Действительно, ты немножко звереешь; действительно, в тебе раскрепощаются какие-то животные черты. Вообще еще есть недурной российский фильм «Качели» с Мерзликиным и Мироновой, где тоже два страстно влюбленных человека не понимают, что происходит: они глупее, чем их любовь. И эта любовь заставляет их совершать чудовищные глупости и, пожалуй, преступления. Нет, я Бенекса очень сильно люблю.
«Луна в сточной канаве» — это прелестная картина, такая подростковая, может быть, самая наивная там роль Депардье, там еще очаровательная Настасья Кински. «Дива» никогда не производила на меня впечатления, хотя там совершенно очаровательные все актеры. Действительно, знаете, говорят, что Бенекс — это такое необарокко, а я бы рискнул сказать, что это такая одесская студия. Понимаете, это такое кино, Марсель, портовый город — это приморские страсти Одессы. И вот «Луна в сточной канаве» — это такое романтическое, такое подростковое кино, с этим грузчиком, докером влюбленным… Я не думаю, что это слишком претенциозно. Ну какое это необарокко? Необарокко все-таки подразумевает какую-то сложную развесистую мысль, какую-то форму с лейтмотивами, перекличками. А здесь все эти морские рассветы и закаты — это 70-е годы хорошего одесского кино, где море входит в жизнь героев… Это, кстати, важная тема, морская тема в одесской студии. Ведь море обозначает какой-то важный смысл, помимо бытового. Море — это какой-то смысл, которого люди не сознают, но, приезжая к морю, осознают, что есть что-то, кроме быта.

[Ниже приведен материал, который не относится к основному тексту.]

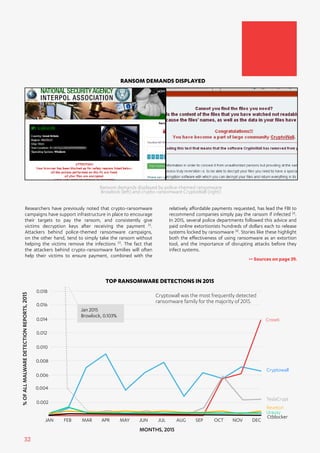 32
Researchers have previously noted that crypto-ransomware
campaigns have support infrastructure in place to encourage
their targets to pay the ransom, and consistently give
victims decryption keys after receiving the payment [1]
.
Attackers behind police-themed ransomware campaigns,
on the other hand, tend to simply take the ransom without
helping the victims remove the infections [2]
. The fact that
the attackers behind crypto-ransomware families will often
help their victims to ensure payment, combined with the
relatively affordable payments requested, has lead the FBI to
recommend companies simply pay the ransom if infected [3]
.
In 2015, several police departments followed this advice and
paid online extortionists hundreds of dollars each to release
systems locked by ransomware [4]
. Stories like these highlight
both the effectiveness of using ransomware as an extortion
tool, and the importance of disrupting attacks before they
infect systems.
%OFALLMALWAREDETECTIONREPORTS,2015
JAN FEB OCTSEPAUGJULJUNMAYAPRMAR NOV DEC
TOP RANSOMWARE DETECTIONS IN 2015
Jan 2015
Browlock, 0.103%
Crowti
Cryptowall
Urausy
Reveton
TeslaCrypt
Ctblocker
0.002
0.004
0.006
0.008
0.010
0.012
0.014
0.016
0.018
>> Sources on page 39.
Cryptowall was the most frequently detected
ransomware family for the majority of 2015.
MONTHS, 2015
RANSOM DEMANDS DISPLAYED
Ransom demands displayed by police-themed ransomware
Browlock (left) and crypto-ransomware CryptoWall (right)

Кстати, в фильме Тодоровского «Одесса» эта тема очень хорошо проведена, когда море становится символом абсолютной ценности: в него заходит герой Ярмольника, надеясь напиться этой холерной воды, в него ныряет герой Цыганова. Именно вхождение моря в жизнь как вхождение какой-то небытовой темы. Я, кстати, очень огорчен, что эта картина, в которой увидели прежде всего, может быть, историю о холере, не подверглась сколько-нибудь сложному анализу, потому что там тема моря, входящего в жизнь… Точно так же, как в «Гипнозе» у того же Тодоровского снег, который засыпает в Москву (такие снегопады были только в 70-х, сейчас такого не бывает), заваливает тогдашнюю, пустующую по ночам Москву нашего детства, которую и снимает Тодоровский, ведь это из его детства тоже история, — так вот, этот снег — напоминание о стихии, которая врывается в жизнь. Стихия подсознания, которую там олицетворяет Суханов, и стихия снега, которая заметает жизнь помимо нашей воли. Сейчас он снял еще «Надвое»… но два последних по времени и самых сложных фильма Тодоровского, очень литературного режиссера, где визуальность важнее смысла. — мне жаль, что они остались совершенно без анализа. А к Одессе — и к фильму, и к городу — я отношусь как раз с глубочайшей любовью.